Face à la croissance exponentielle des besoins en puissance de calcul, les centres de données se retrouvent aujourd’hui sur la sellette. Les organisations environnementales ne cessent de pointer du doigt ces infrastructures nécessaires aux services numériques du Cloud et de l’IA, dont la consommation électrique et la production de chaleur exercent une pression non négligeable sur les objectifs climatiques.
Le défi pour tous les acteurs du Cloud et des datacenters consiste bien évidemment non seulement à assurer un fonctionnement optimal des serveurs, mais aussi à limiter au maximum leur impact carbone.
À l’occasion de la conférence « AWS re:Invent 2024 », AWS ne s’est pas contenté de se vanter d’avoir alimenté en 2023, 100% de ses opérations Cloud en énergie renouvelable s’enorgueillir de bâtir aujourd’hui des datacenters d’un PUE de 1,04, soit un score presque parfait, mais a également laissé entrevoir un futur où le PUE pourrait être inférieur à 1 et où les datacenters deviendraient de véritables « puits d’absorption de carbone ».
Amazon a en effet annoncé un partenariat original avec la jeune pousse Orbital, spécialisée dans la conception de matériaux avancés grâce à l’IA. L’innovation réside dans l’exploitation intelligente d’une contrainte technique existante. Les datacenters nécessitent d’importants systèmes de refroidissement qui brassent en permanence d’énormes volumes d’air pour maintenir les serveurs à température optimale. Orbital propose d’exploiter ces flux d’air en y intégrant un nouveau matériau capable de capturer le CO2 atmosphérique.

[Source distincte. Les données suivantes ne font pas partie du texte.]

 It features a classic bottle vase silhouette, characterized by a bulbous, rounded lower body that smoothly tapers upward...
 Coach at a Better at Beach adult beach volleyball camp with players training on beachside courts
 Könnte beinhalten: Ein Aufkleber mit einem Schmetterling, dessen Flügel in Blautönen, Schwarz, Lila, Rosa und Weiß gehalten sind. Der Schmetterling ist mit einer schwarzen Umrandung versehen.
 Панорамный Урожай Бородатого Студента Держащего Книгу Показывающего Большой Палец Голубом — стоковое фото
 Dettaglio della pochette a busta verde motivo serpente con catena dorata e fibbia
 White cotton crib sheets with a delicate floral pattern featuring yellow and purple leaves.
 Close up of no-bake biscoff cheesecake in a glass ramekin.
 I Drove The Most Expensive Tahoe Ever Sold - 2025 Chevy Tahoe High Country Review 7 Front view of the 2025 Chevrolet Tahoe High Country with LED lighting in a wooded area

Plutôt que de se tourner vers des solutions externes de compensation carbone, l’idée est d’agir directement sur place, au cœur même de l’un des centres de données d’AWS. Le nouveau matériau développé grâce à l’IA serait capable de capter le dioxyde de carbone issu de l’air chaud des serveurs, sans avoir à déployer une infrastructure coûteuse et complexe.

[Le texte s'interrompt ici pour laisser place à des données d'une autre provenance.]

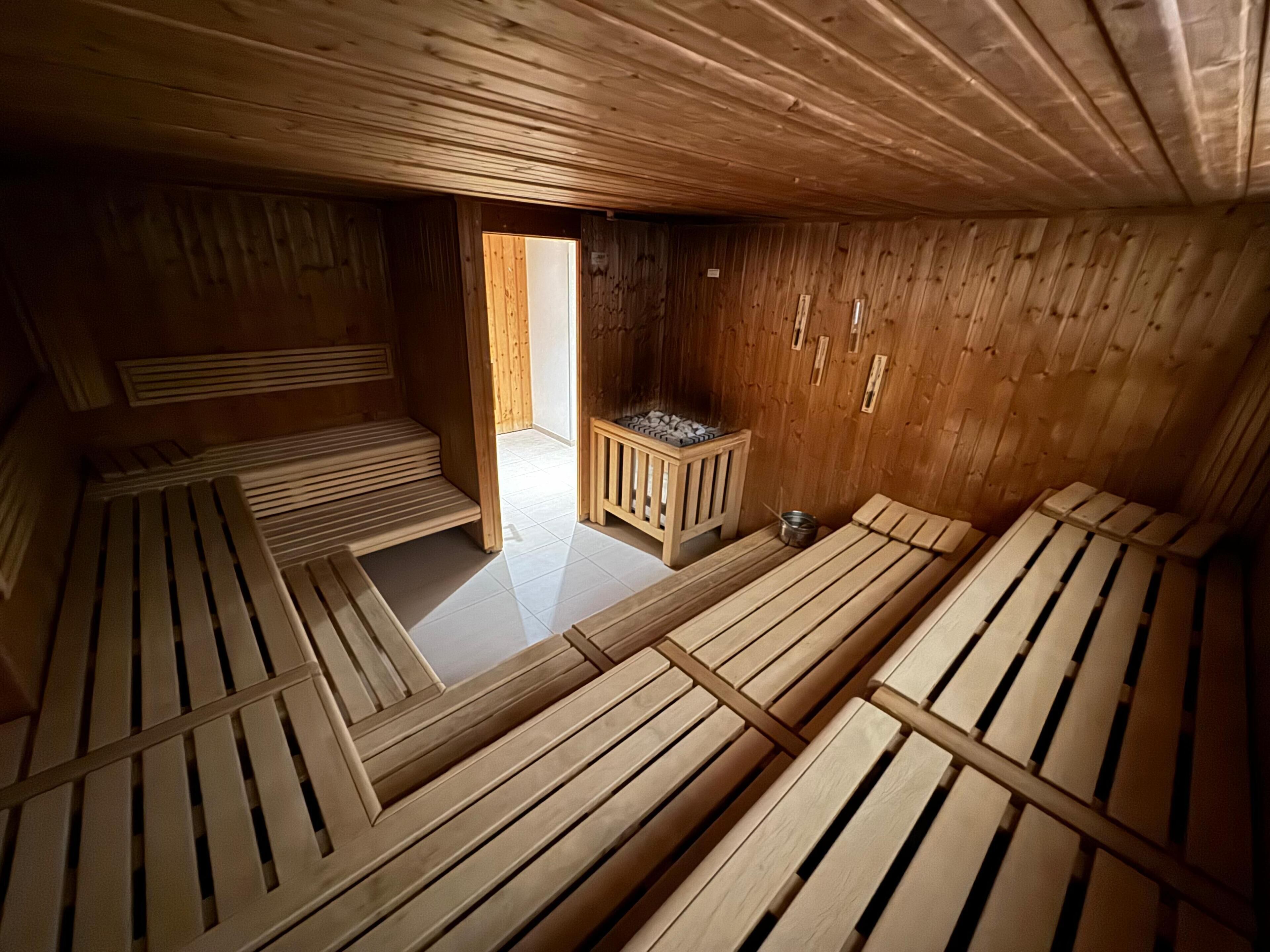 Un sauna avec des bancs en bois et un petit chauffage.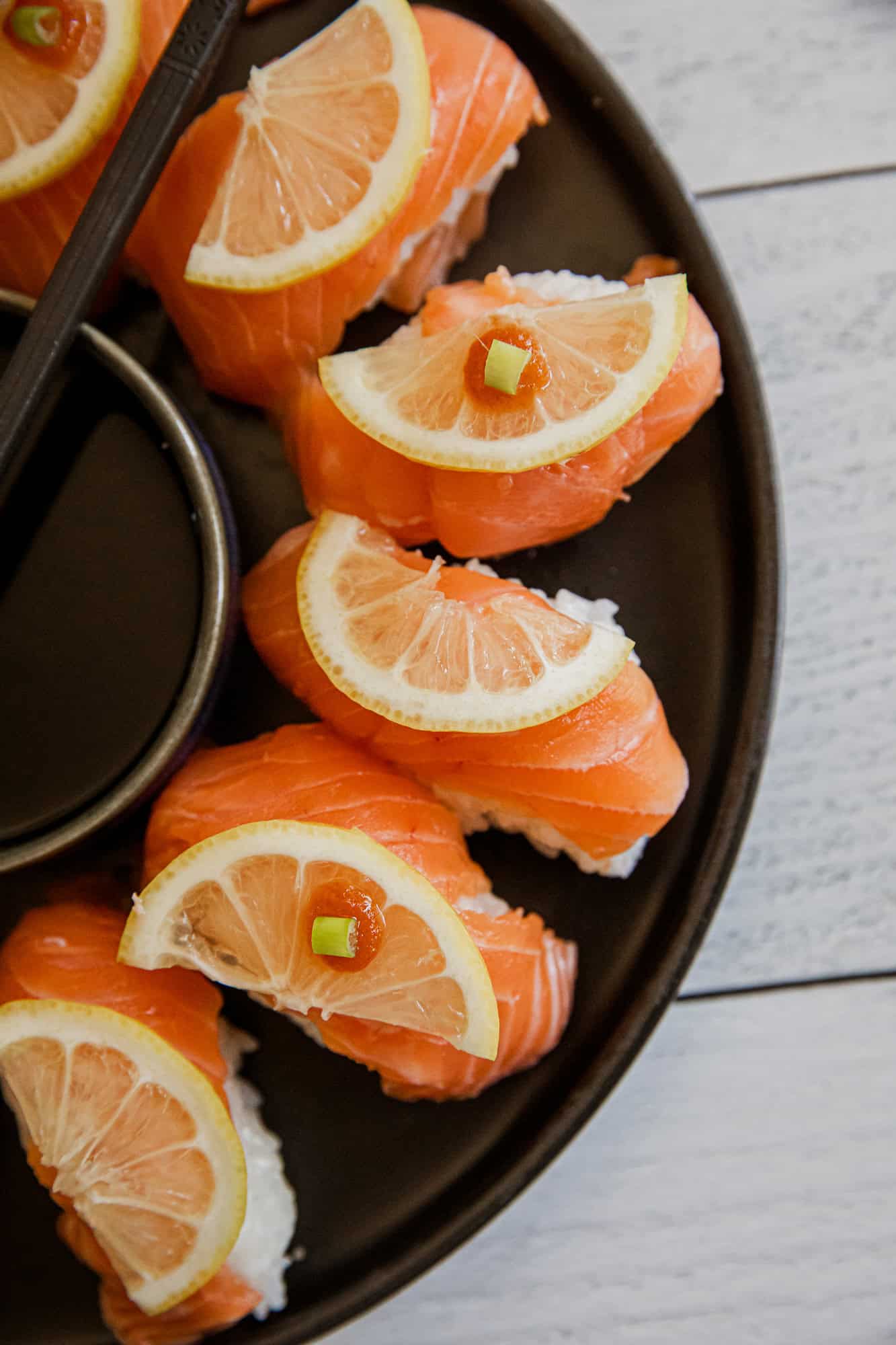 Fresh salmon nigiri topped with lemon slices and green onion on a black plate.
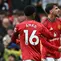Gelandang Manchester United, Mason Mount (kanan) dan Amad, merayakan gol pembuka dalam pertandingan Premier League melawan Sunderland di Old Trafford, Manchester, Sabtu (4/10/2025) malam. (Paul ELLIS / AFP)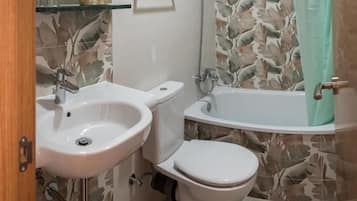 A bathroom with a sink, toilet, and bathtub.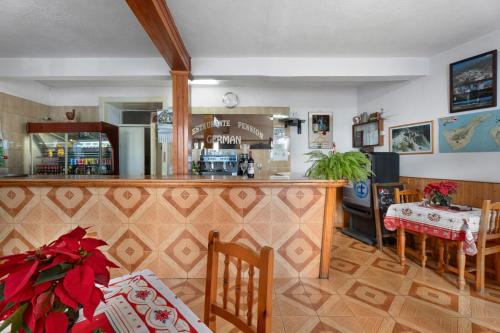 a bar in a restaurant with a table and chairs at Hotel Germán in Vilaflor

Ce qui distingue cette approche des solutions traditionnelles de capture carbone, c’est son efficacité économique. Le système promettrait non seulement de compenser les émissions liées à la consommation électrique du datacenter, mais de capturer davantage de CO2 que celui-ci n’en génère indirectement, le tout à un coût inférieur aux crédits carbone disponibles sur le marché.
Ce n’est pas la première incursion de l’industrie technologique dans ce domaine. Des géants comme Alphabet et Meta possèdent déjà des brevets visant à coupler la capture du CO₂ à leurs systèmes de refroidissement. D’autres acteurs, tels que la start-up 280 Earth, développent également des solutions en ce sens. Reste que la mise en œuvre n’est pas sans contraintes : les matériaux ont un prix, le réseau de refroidissement est soumis à davantage de résistances, et une fois le CO₂ récupéré, encore faut-il savoir comment le stocker ou le réutiliser. Dans tous les cas, le calcul économique doit rivaliser avec le simple achat de crédits de compensation, cette solution de facilité bien trop souvent employée par les géants du Cloud (qui achètent notamment des crédits à Tesla) pour enjoliver leur bilan carbone.
Cette initiative d’Amazon et Orbital illustre l’émergence de solutions prometteuses (à défaut d’être réellement concrètes pour l’instant) pour réduire l’empreinte environnementale des infrastructures numériques. Car cette approche s’ajouter à d’autres voies explorées pour rendre les centres de données plus respectueux de l’environnement, comme la modularité des infrastructures, le recours à l’hydrogène pour l’alimentation électrique, ou encore le développement de techniques de refroidissement plus sobres en énergie.
Pour les optimistes de nature que nous sommes, toutes ces pistes dessinent un paysage technologique où les data centers, ces gouffres énergétiques si pointés du doigt et à juste titre aujourd’hui, pourraient à terme contribuer, et non plus nuire, à la lutte contre le réchauffement climatique.